Book projects in progress

updated 2026 June 16


BOOK CONTRACT (Cambridge University Press):

Learning to Love in Renaissance England (edited by William E. Engel, Rory Loughnane and Grant Williams), draws together leading scholars of early modern literature and culture to reconsider how the experience of falling in love was shaped by processes of instruction. In keeping with a print culture that popularised all manner of advice books and self-help practices, a wide range of conduct manuals and treatises on courtship assailed readers. Serving similar pedagogical and commercial interests, the period’s literature sought to frame and coach the experiences that would facilitate amorous attachments. This collection’s contribution to the topic is the argument that love was not just socially constructed, as is well documented in sexuality studies, but was learned and understood specifically through the premodern episteme, which revolved around the ancient notion of art, meaning know-how or craft. The present collection builds upon our previous studies – The Memory Arts in Renaissance England (Cambridge, 2016), The Death Arts in Renaissance England (Cambridge, 2022), and Memory and Mortality in Renaissance England (Cambridge, 2023) – that have foregrounded these fundamental categories of Renaissance knowing and doing, theory and praxis. 

_ _ _ _ _ _ _ _ _ _ _ _ _ _ _ _ _ _ _ _ 


ON-GOING AND LONG RANGE BOOK PROJECTS


At the Limits of the Visible: Cognitive Ecologies in the Premodern Paperworld 


Slips of Thought from Chaucer to Milton: Imagining the stuff of allegory


Nineteenth Century Writers Reading Renaissance Texts: Poe, Melville, and Marx


Voices in Transit: dogs, death, dialect, and demons in the works of E. A. Poe


The Ubiquity of "Grace" in the Early Modern English Archive: A Philological Inquest


What the Pastoral Remembers: case studies from Theocritus to Wendell Berry



Regarding "What the Pastoral Remembers," I am interested in the allegorical face of nostalgia in works that lament the passing of an idealized vision of life in the world which at the same time celebrate the inevitability of its passing. In some cases, such as Walton's Compleat Angler, the reader temporarily is made to forget that a seismic shift in social and political order is the accidental midwife of this testament to the imagined simple pleasures of rural life. For example there is more than "beast fable" at work in his chapter on the natural beauty and predatory finesse of the otter which also is characterized as the bane of fishermen and farmers alike. 

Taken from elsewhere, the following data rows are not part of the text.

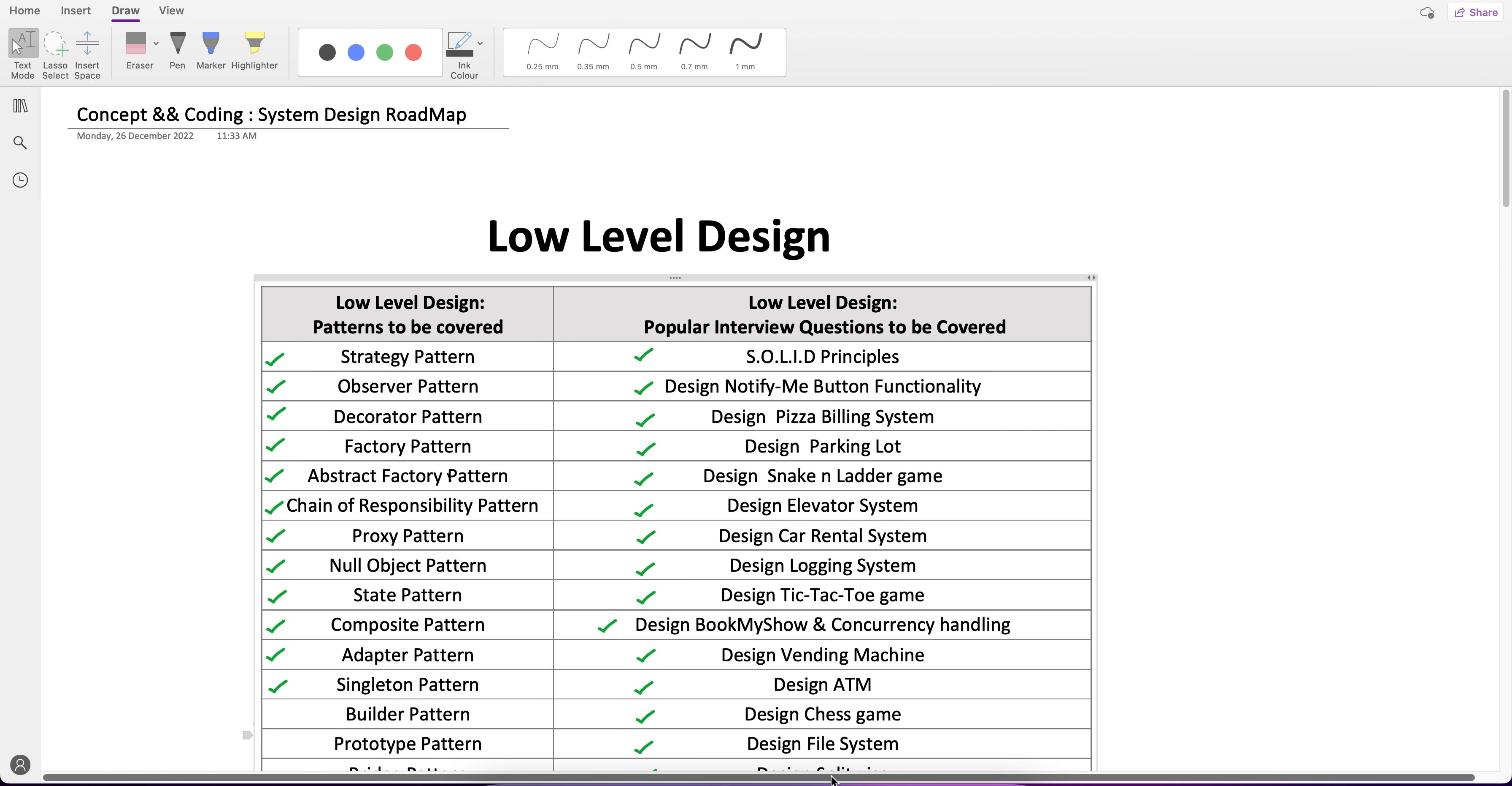Hello everyone, welcome to Concept & Coding. This is Shreyansh Jain, and today's video is going to be very important for those who are new to this channel and for those already following the LLD and HLD playlists. Today I'm going to tell you about the roadmap and future plans for these playlists, what we have covered, what we're going to cover, and what topics we still need to address.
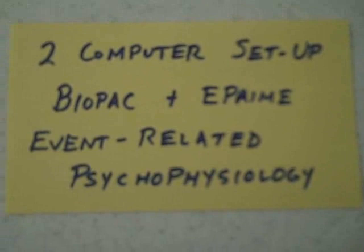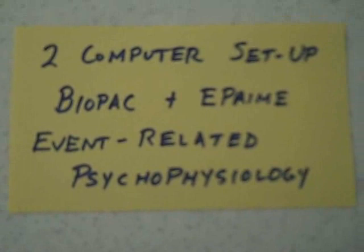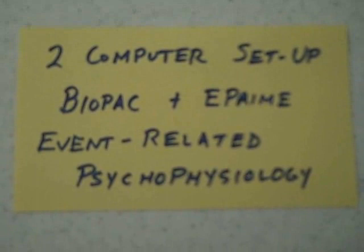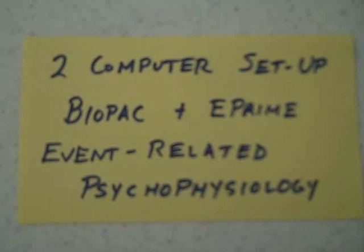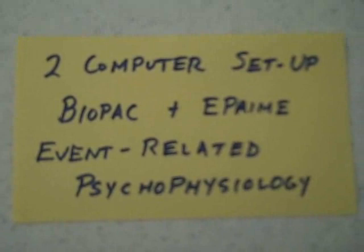In this video, we're going to show you how you can set up two Windows machine desktop computers to work together to allow you to both control stimuli and record behavioral responses using E-Prime on one computer, while at the same time gathering physiological data using the BioPack MP35 setup.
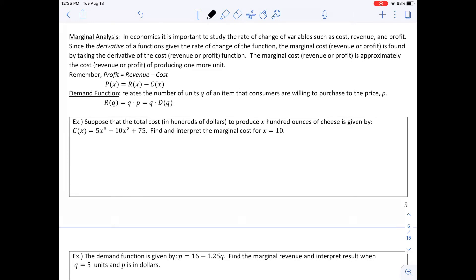The next topic is marginal analysis. In economics, it's important to study the rate of change of variables such as cost, revenue, and profit. Since the derivative gives the rate of change, the marginal cost, revenue, or profit is found by taking the derivative of the cost, revenue, or profit function. The marginal cost, revenue, or profit is approximately the cost, revenue, or profit of producing one more unit. Profit equals revenue minus cost, and the revenue function R(Q) equals Q times P, or Q times D(Q).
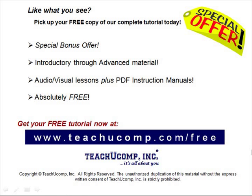Like what you see? Pick up your free copy of the complete tutorial at www.teachucomp.com forward slash free.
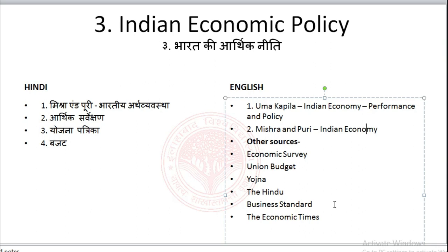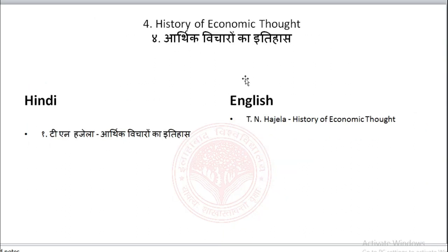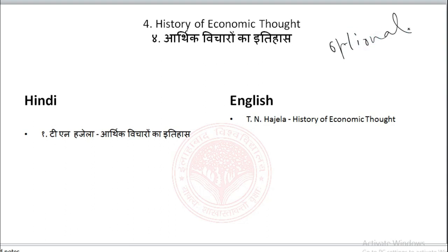The fourth paper is optional. One option is History of Economic Thought — in Hindi, T. and Hajela's 'Arthik Vicharon ka Itihas', and in English, their 'History of Economic Thought'. There are many other books on this paper, but this book is sufficient, at least for English medium students.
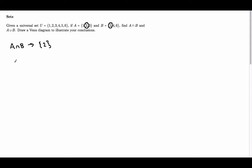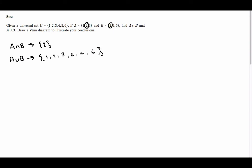Now we want to find the union of A and B. The union of A and B is everything that is in A, everything that is in B, and everything that is in both A and B. Everything that is in A is 1, 2 and 3, and everything that is in B is 2, 4 and 6. Now we've got 2 twice because it is in the intersection of A and B, so we will say that the union of A and B is just 1, 2, 3, 4 and 6.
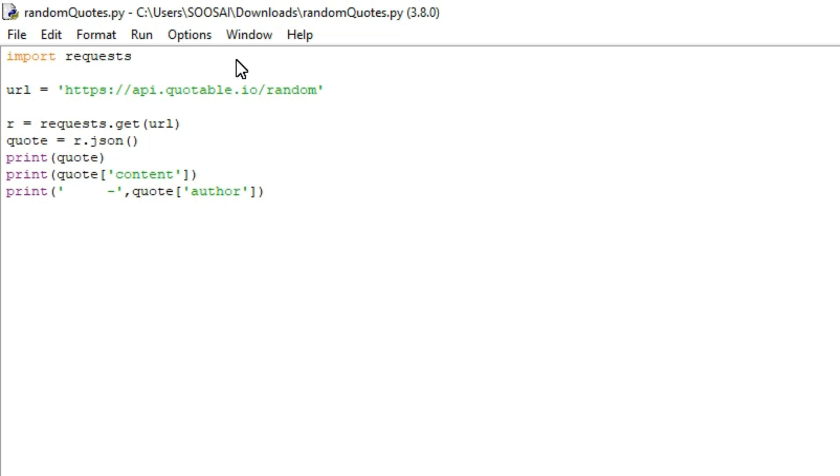Hello everyone, welcome to Falcon Informatic. In this video I'm going to show how to generate random quotes using Python.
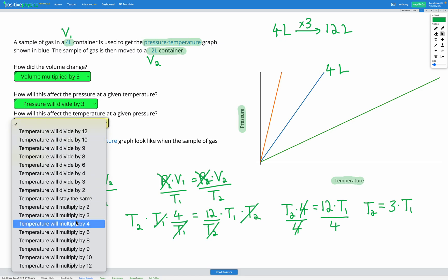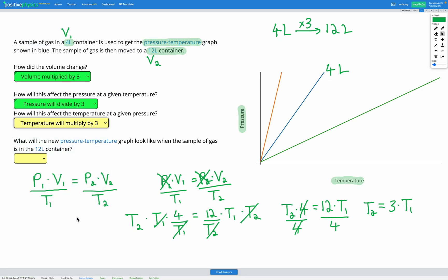So temperature will multiply by 3. We can either use the equation as shown, or simply know that at constant pressure, volume and temperature are directly proportional — if volume increases, temperature increases, and if volume decreases, temperature decreases.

Regarding "Slips of Thought," moving out from C. S. Lewis ( Studies in Words ) and William Empson (The Structure of Complex Words ); this project builds steadily on theories of language and culture put forward initially by Wilhelm von Humboldt (as a system which "makes infinite use of finite means"), Oswald Spengler ("the picture of history is a memory-picture"), and Ernst Cassirer ("the philosophy of symbolic forms"). By combining the approaches of philology, the memory arts, and iconography this book uncovers the wider implications of some terms that came to be taken for granted in everyday use and which thereby tended to slip their moorings - words such as "hap" and "hope," "breath" and "death," "sovereign" and "foreign," "moors" and "morris," "handle" and "hoard," "inly" and "only," and, by way of a suggestive coda, "conjecture." Taken together, these five chapters provide a more critical understanding of the strata of English poetic culture brought back into view by virtue of this endeavor to take core samples from the moraine of received linguistic history.


OTHER NOTIONS:


"Return to the Round River," based on my experiences as a teacher, youth worker, and Assistant Director at a camp a Northern Wisconsin,, this book considers an ecologically motivated model of learning that mobilizes ideas of the pastoral, giving priority to "teachable moments" in the course of authentic, hands-on learning experiences. This essentially holistic approach is offered as a corrective to the tendency to control and contain students in the service of "standards-based learning" and the "merit-badge" approach to credentialing them by way of narrowly defined skills-based instruction.


"Parallel Lives of Island Nations"  is modeled on the approach to writing popular biography pioneered by Plutarch. The lives of the notable and great were presented by weaving together what they were reported to have said and done. Jamaica, New Zealand (Aotearoa), and Iceland are the island nations whose stories this book sets out to tell. Among the exemplary lives paralleled are those of Marcus Garvey, one of the most powerful and controversial black rights activists of the twentieth century, and Bob Marley, the original ambassador of Reggae, whose music has become a symbol of unity and social change worldwide; Hone Heke, the Nhu Puhi warrior and first to sign the Treaty of Waitangi who later was to become the focal opponent of British occupation, and James Busby, the appointed British Resident who sought to broker peace between and among Maori tribes and the Pakeha commercial adventurers from Europe; and, from Iceland, Snorri Sturluson (born 1179), writer of the oral Edda and Heimskringla , and Vigdis Finnbogadottir, the world's first democratically elected female president whose sixteen years in that role makes her among the  then longest-serving elected female heads of state.